Nau mai, haere mai, welcome to eyeCONTACT, a forum built to encourage art reviews and critical discussion about the visual culture of Aotearoa New Zealand. I'm John Hurrell its editor, a New Zealand writer, artist and curator. While Creative New Zealand and other supporters are generously paying me and other contributors to review exhibitions over the following year, all expressed opinions are entirely our own.

Thursday, February 14, 2008

Chat rooms

Crosstalk: Murray Green; Peata Larkin; Simon Morris; Jeena Shin; Elizabeth Thomson; Clinton Watkins
Two Rooms, Auckland
8 February - 8 March 2008

Crosstalk is a thematically tight show that lives up to its name. There are lots of interconnecting resonances running between the six works, making the air thick with potential conversation. Much of this conceptual chat is about perception and how closely we examine the physical details of the art: how they reflect the artist’s thinking.

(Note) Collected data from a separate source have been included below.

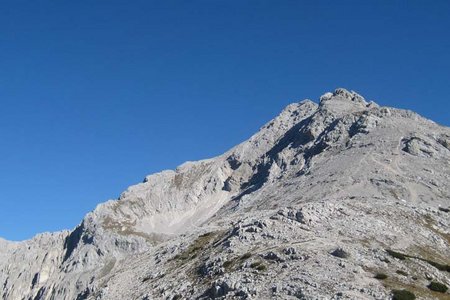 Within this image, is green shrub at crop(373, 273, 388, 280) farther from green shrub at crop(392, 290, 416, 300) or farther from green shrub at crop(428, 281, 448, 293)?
green shrub at crop(428, 281, 448, 293)

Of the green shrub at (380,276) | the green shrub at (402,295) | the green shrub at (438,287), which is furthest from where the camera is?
the green shrub at (438,287)

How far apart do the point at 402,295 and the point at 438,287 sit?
7.32m

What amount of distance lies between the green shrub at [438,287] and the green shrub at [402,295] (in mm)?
5629

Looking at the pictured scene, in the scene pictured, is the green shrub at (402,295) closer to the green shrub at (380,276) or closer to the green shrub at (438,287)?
the green shrub at (380,276)

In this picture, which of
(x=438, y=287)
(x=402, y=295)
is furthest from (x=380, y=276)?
(x=438, y=287)

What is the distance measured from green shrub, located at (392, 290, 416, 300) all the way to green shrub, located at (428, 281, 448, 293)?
563cm

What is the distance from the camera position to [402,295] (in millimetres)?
43531

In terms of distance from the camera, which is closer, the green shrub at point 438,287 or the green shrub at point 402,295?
the green shrub at point 402,295

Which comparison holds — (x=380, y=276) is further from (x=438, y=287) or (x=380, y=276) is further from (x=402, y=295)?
(x=438, y=287)

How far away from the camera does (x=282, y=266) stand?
5181cm

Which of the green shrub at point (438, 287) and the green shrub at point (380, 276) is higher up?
the green shrub at point (380, 276)

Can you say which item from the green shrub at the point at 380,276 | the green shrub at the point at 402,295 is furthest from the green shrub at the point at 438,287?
the green shrub at the point at 402,295

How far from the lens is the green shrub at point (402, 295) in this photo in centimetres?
4312

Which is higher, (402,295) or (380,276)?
(380,276) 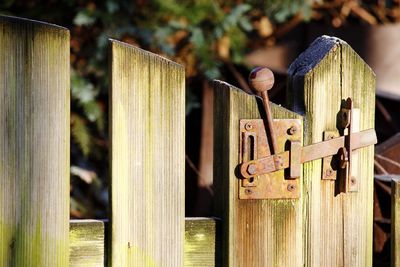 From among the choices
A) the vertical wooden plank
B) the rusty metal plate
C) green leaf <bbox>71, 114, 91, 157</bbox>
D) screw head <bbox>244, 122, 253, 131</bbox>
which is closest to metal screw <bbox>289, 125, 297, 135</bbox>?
the rusty metal plate

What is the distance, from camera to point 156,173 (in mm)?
2174

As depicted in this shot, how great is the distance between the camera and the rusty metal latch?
2.23 meters

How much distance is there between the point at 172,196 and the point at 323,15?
12.2 ft

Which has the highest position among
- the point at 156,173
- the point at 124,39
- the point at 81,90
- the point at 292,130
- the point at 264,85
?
the point at 124,39

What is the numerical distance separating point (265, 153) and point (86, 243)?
1.72ft

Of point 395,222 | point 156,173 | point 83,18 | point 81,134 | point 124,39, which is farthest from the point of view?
point 124,39

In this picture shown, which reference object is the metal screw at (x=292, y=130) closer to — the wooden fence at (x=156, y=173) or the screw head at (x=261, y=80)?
the wooden fence at (x=156, y=173)

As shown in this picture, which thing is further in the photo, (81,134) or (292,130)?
(81,134)

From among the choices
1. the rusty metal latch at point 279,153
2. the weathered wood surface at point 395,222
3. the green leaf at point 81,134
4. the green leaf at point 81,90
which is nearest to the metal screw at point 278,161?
the rusty metal latch at point 279,153

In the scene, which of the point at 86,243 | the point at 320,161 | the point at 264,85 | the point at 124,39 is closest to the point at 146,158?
the point at 86,243

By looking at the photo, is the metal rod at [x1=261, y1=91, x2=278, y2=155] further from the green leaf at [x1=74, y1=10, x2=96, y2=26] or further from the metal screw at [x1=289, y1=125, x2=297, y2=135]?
the green leaf at [x1=74, y1=10, x2=96, y2=26]

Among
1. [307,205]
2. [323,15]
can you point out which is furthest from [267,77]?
[323,15]

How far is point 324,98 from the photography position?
2314 millimetres

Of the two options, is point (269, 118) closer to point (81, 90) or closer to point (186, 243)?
point (186, 243) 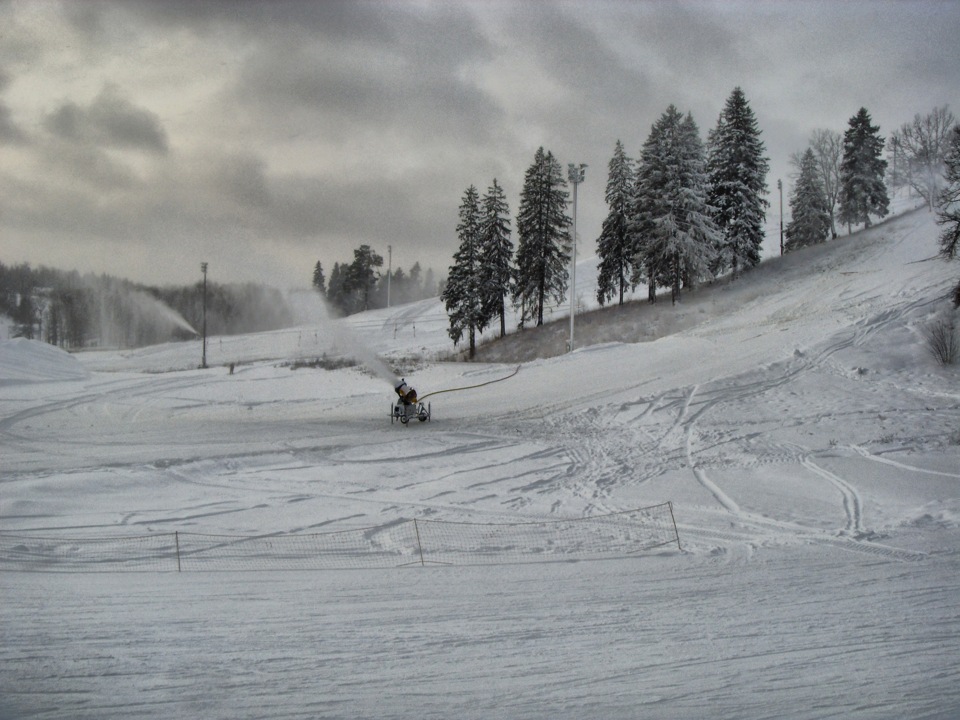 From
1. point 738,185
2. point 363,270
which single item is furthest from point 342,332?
point 363,270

Jeena Shin’s two canvas works (one black, the other white) and her large white wall painting, fastidiously present grids of interlocking tilted triangular shapes, articulated through the use of four extremely close tones. There is no regular tonal pattern and at first glance it seems she is manipulating the sheen of the paint. In fact it is the nuanced contrasting of precisely toned adjacent shapes, and the raking light catching the edges of her tape-masked paint, that gives these paintings their appeal. You have to look very closely to get their point.


Upstairs Elizabeth Thomson’s wall reliefs, in particular the huge 24 panelled ‘Lawns of Dawn’, play with subtle variations of chroma within a dominantly consistent tone. Her sparkling fibreglass and resin forms – with tiny glittering glass spheres - have indentations that make them look a little like thick egg cartons or small mattresses. They feature an overtly ‘in your face’ sensuality of undulating fields that twinkle and dazzle, quite unlike Shin's differently seductive, matt planes of angular forms.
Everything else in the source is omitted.